The Change-Up review

Movies Reviews
The Change-Up review

The Change-Up resorts to bathroom humor by literally putting characters on the toilet in a weak attempt to outdo the recent trend in R-rated comedy. And the result is pretty stinky.

In this limp summer offering, each of two childhood friends gazes longingly over the fence at the other’s home, where they believe the grass is greener. Mitch Planko (Ryan Reynolds) is a wannabe actor living the shameless life of a bachelor. He shares crazy stories of his sexual conquests with best friend Dave Lockwood (Jason Bateman), a boring married attorney and father of three. Mitch colorfully describes the various positions employed in the bedroom telling Dave he’s even done something called “the Arsenio Hall.” Such chatty dialogue is worth a laugh mainly because we don’t have to sit through the act described. But the makers of The Change-Up take things much farther, to considerably less humorous effect.

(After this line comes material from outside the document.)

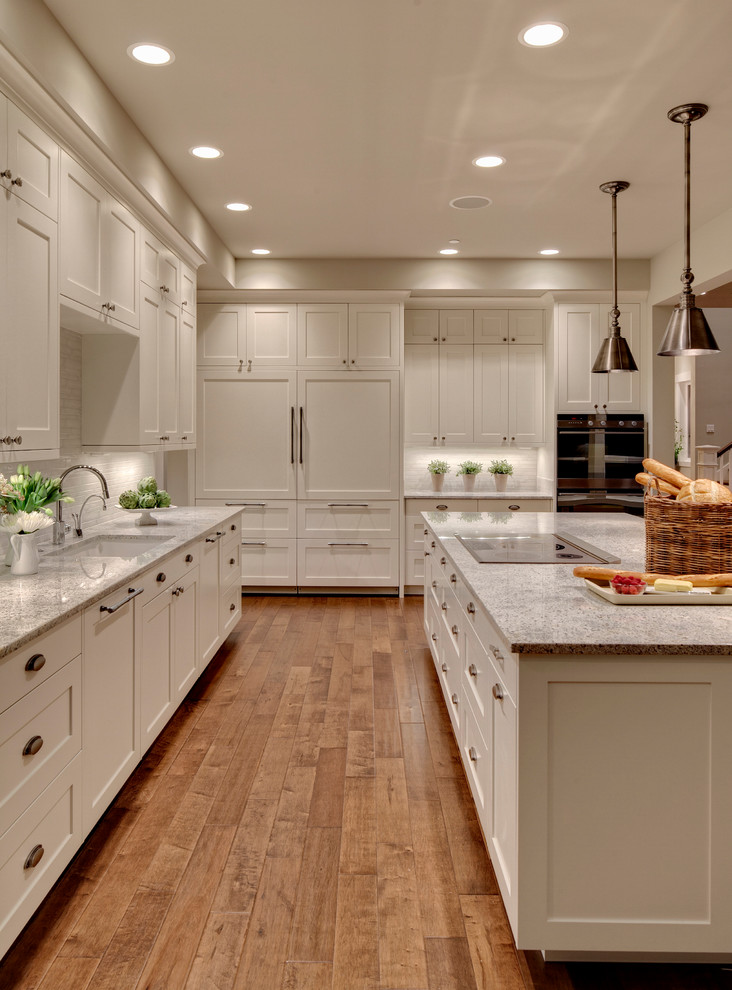 Example of a transitional l-shaped medium tone wood floor open concept kitchen design in Seattle with an undermount sink, recessed-panel cabinets, white cabinets, metallic backsplash, porcelain backsplash, stainless steel appliances and an island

We meet Dave’s beautiful wife Jamie (Leslie Mann), who’s struggling with Dave’s workaholic lifestyle. The couple has twins and an older daughter. In the film’s ridiculous opening scene, while Dave is changing a diaper, one of the children has an accident that lands on Dave’s face and into his mouth. The scene continues and Dave is shown wearing the accident while sitting on his couch feeding his children. Such foolishness sets the tone for the low end fantasy that is to follow.

We all know the body-switch comedy drill. After a night of heavy drinking, Mitch and Dave relieve themselves in a park fountain. They playfully wish aloud that they had the other’s life. And they awake the next morning in the body of the other. Mitch is now Dave and Dave is now Mitch.

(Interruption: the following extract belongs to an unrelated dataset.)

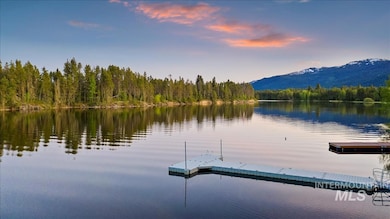 Dock area featuring a water and mountain view and a view of trees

It’s as if the writers of this film, Jon Lucas and Scott Moore, who were responsible for The Hangover and its sequel, are afraid to give us authentic funny moments that parents really experience. Instead we get gonzo sequences aimed at a broad spectrum of viewers. For example, one of the twins repeatedly bangs his head, in a fast and violent way, against his crib. It evokes a chuckle but then it just seems weird. And the movie is filled with this kind of nonsense. Parents and adults in general deserve better, smarter R-rated comedies that tweak but don’t utterly pervert the things we all experience.

It’s not as if you’d be expecting a bitter dose of reality in a summer body-switch comedy, but it’s really hard to relate to any of the characters in The Change-Up. And that’s even true when they are sitting on the commode. Poor Leslie Mann is a really good sport here and in one thankless scene bares all only to end up in the bathroom, a theme that’s continued throughout the film. The filmmakers here seem to think that they can refresh the once wholesome fantastical plot device that was popularized back in 1976 with Jodie Foster in Disney’s Freaky Friday by making it as crude as possible. And that approach could have worked had the humor been more grounded.

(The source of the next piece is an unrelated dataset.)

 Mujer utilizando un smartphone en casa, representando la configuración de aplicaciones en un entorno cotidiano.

One of the joys of the body-switch comedy over the years has been watching two talented actors take on the personality of the other when the change over takes place. In 1997’s Face/Off, the action sequences were typical stylized John Woo, but the movie worked because watching John Travolta become Nicolas Cage and vice versa was so entertaining. Both actors studied one another’s mannerisms and traits, mimicking them seamlessly. In The Change-Up two talented actors, Jason Bateman and Ryan Reynolds, try on the switch in the most uninspired way. The personalities are marked by one character blurting out a series of expletives and the other—well, it’s really hard to tell them apart. There just aren’t that many personality traits that set one character apart from the other.

By blatantly trying to one-up the other irreverent comedies of late, The Change-Up proves that change isn’t always a good thing.